When I got started into woodworking, it was all about doing projects around the house. Every project I completed got me a new (power) tool. Its how I built my shop.
I started with a circular saw and a router I got for my birthday. I built a bookshelf, got a drill.
I built a built in entertainment center and got a cast iron table saw and an antique haunted jointer.
My neighbor asked me to build his entertainment center and he bought me a new lighter drill and I got a 12” lunchbox planer.
I built a built in work desk and got a better jointer, a Kreg jig, and some other tools.
I did some wainscoting in my house and I got an HVLP sprayer, and on and on until I had a complete shop setup. I’ve done all sorts of builds in my home, including a complete remodel of stairs, desks, window trim on and on.
Finally I got to the point in my home where my “honey do” list is no longer major projects, but the occasional fix, or small project here and there.

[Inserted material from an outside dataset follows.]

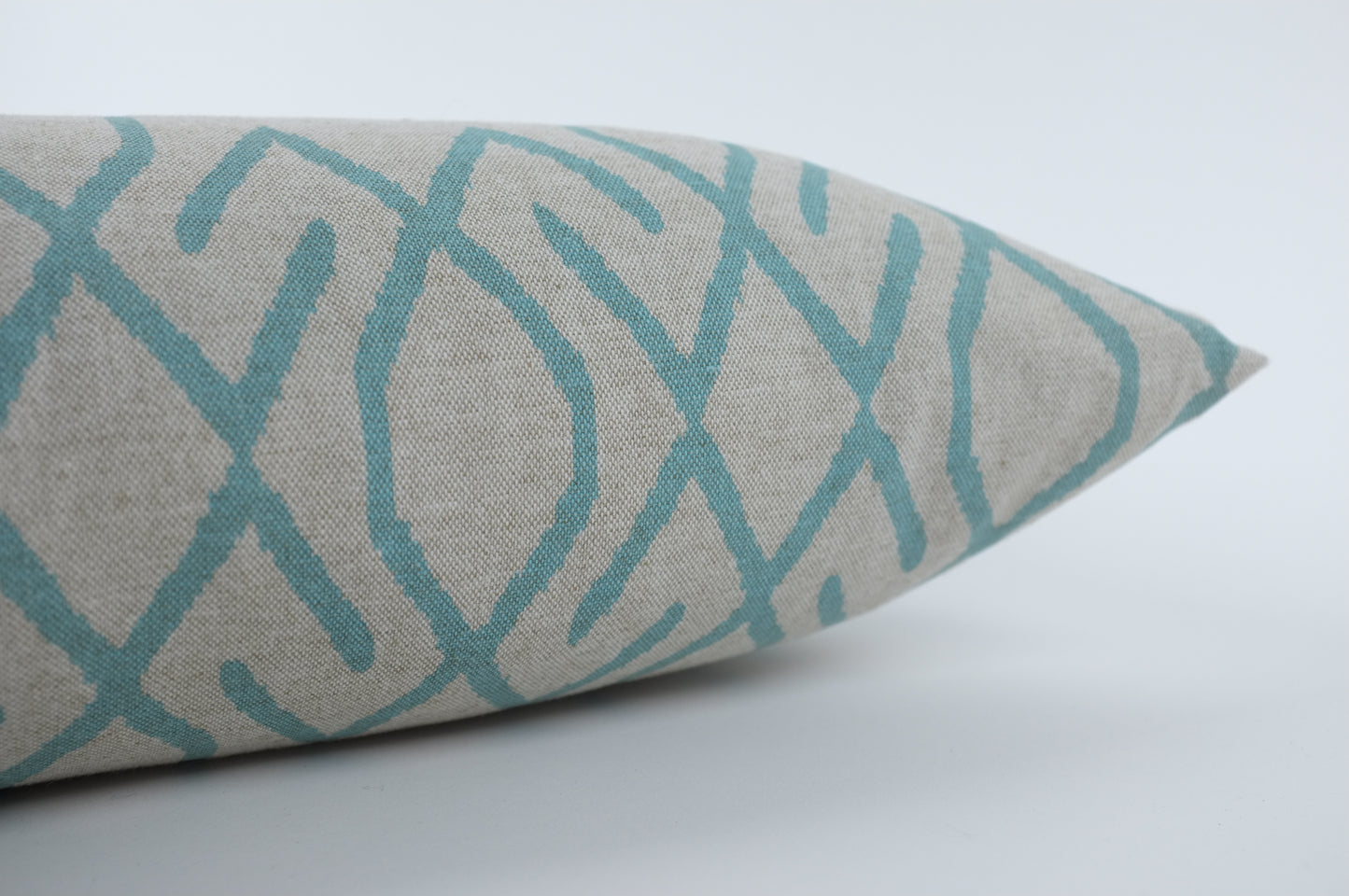 Grey with Aqua Stick Pattern Lumbar Pillow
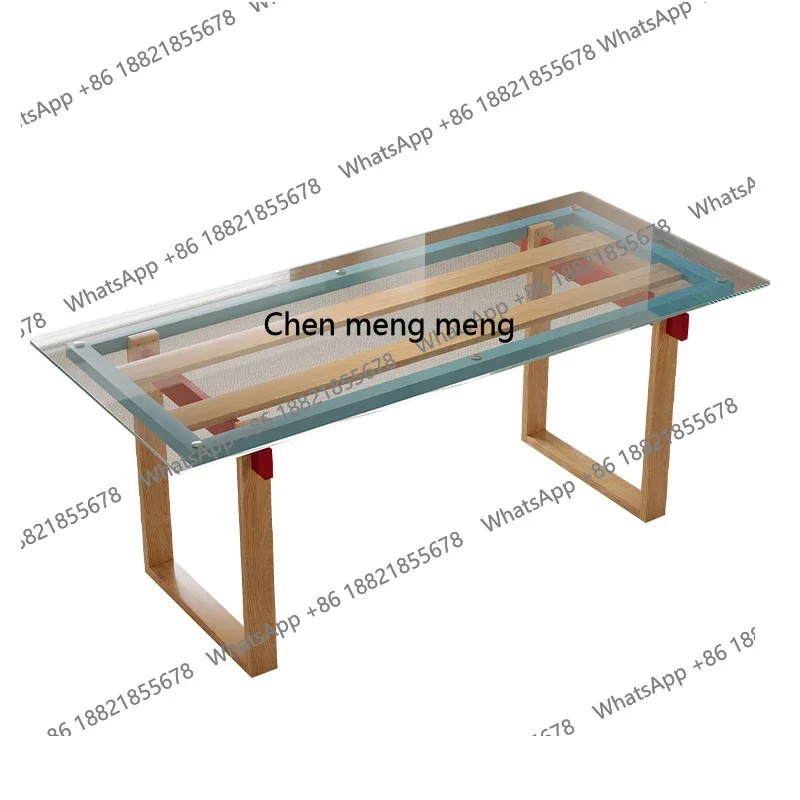 طاولة طعام من الزجاج المقسى للاستخدام المنزلي، طاولة طعام مطابقة الألوان، شقة صغيرة مستطيلة شفافة مكتب H #3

It gave me time to refocus my hobby from home improvement to finer things.
I found the ultimate weekend project: fixing hand tools.
I all started with this guy:
A early 1900’s #5 I found in an antique store. It sat as a display on my shelf representing an era long gone. I bought it for decoration, then one day I got a crazy idea to sharpen the blade…
I had a crown gent saw with a rosewood file type handle that I had bought several years prior, I used it once and thought, “this thing sucks” One day, I was flipping in the pages of a FWW magazine from I think 1999 that someone gave me, and I saw an article about new handles on old saws. I tried it. I had some walnut that was laying around the shop, using a jigsaw, some forstner bits, and a rasp I made the handle.
Originally I used steel screws that I had torched to color them a bit. Eventually in collecting more saws, I found some old brass screws that have now replaced the out of place steel screws. I use it almost every day.
In the process of cutting out the mortise for the handle I cut my finger really deep, I learned a great lesson.
Your hands should never be ”down range” of a sharp chisel.
Now I’m hooked. In the next while I’ll start to document the progress of what I am doing, and work to catch up on what I have done.
Its the ultimate weekend project, no glue, no clamps… Just a piece of wood, some filing and sanding and cutting and its a completely different tool. Going from one that I hated, to one I LOVE.